SALT Report 1820 – The Michigan Court of Appeals upheld an assessment for additional sales tax against a Taxpayer who failed to maintain adequate records. The Taxpayer sells groceries, liquor, beer, wine, and other taxable merchandise in its retail store. In addition to the food sold as groceries, the Taxpayer also sells food for immediate consumption.
During an audit it was found that the Taxpayer did not keep records of the items used in the store to make the prepared foods. It was also learned that the Taxpayer did not keep its daily cash register receipts. Instead, he recorded the sales reported on the daily receipts onto a worksheet and then discarded the receipts.

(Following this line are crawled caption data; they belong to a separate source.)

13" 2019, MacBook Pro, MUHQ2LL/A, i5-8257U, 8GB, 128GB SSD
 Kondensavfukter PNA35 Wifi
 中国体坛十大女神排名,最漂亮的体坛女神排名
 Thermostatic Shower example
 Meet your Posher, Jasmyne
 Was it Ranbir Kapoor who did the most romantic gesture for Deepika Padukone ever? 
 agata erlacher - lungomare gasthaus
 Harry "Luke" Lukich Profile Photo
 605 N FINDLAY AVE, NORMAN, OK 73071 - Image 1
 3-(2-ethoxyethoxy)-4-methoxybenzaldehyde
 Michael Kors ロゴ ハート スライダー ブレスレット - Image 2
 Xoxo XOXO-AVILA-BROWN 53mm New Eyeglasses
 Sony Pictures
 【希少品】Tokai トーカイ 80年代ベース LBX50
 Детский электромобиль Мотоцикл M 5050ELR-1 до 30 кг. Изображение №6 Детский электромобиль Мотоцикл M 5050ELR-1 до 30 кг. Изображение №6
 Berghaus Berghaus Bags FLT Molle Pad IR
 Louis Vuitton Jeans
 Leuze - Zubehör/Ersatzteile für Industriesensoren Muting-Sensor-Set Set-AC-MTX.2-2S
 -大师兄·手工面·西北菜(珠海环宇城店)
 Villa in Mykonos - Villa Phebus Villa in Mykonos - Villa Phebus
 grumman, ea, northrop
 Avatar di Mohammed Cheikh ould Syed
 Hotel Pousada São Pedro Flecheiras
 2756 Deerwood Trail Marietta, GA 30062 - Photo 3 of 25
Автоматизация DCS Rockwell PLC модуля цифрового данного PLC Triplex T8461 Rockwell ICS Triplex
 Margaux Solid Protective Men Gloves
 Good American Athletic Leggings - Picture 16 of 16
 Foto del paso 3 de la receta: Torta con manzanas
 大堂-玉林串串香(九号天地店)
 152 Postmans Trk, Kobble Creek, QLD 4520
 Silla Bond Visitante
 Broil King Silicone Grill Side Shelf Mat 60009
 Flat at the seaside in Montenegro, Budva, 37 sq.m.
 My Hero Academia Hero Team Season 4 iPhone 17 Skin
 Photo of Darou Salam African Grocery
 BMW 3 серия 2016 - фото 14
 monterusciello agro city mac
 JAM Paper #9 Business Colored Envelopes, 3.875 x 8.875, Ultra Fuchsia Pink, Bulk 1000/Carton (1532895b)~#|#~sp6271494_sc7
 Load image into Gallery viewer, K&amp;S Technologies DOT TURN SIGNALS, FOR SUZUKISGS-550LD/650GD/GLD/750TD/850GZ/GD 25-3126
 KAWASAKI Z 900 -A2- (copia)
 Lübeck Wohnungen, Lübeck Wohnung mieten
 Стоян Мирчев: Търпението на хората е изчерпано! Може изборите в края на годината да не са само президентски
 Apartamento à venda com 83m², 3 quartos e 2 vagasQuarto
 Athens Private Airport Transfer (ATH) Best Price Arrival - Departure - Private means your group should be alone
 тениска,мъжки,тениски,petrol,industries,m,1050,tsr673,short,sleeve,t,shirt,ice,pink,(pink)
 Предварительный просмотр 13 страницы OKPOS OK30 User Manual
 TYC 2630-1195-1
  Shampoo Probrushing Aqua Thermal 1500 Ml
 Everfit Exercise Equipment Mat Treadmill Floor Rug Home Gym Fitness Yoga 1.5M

Because the Taxpayer’s record keeping was deemed inadequate the auditor relied on supplier invoices to determine which items were used to make the prepared foods. The auditor then determined the average “markup” of those items based on the sale price versus the price the Taxpayer paid for the item. It was later determined that the Taxpayer was reporting the gross receipts from the sales of the prepared items as nontaxable income.
The Court ruled that the Taxpayer’s record-keeping made it impossible for the state to determine the amount of sales tax the Taxpayer owed. Therefore, the Taxpayer was assessed an additional tax liability of nearly $18,000 for the audit period. The Court also assessed a penalty for negligence in the amount of $1,740 plus $4,218 in interest.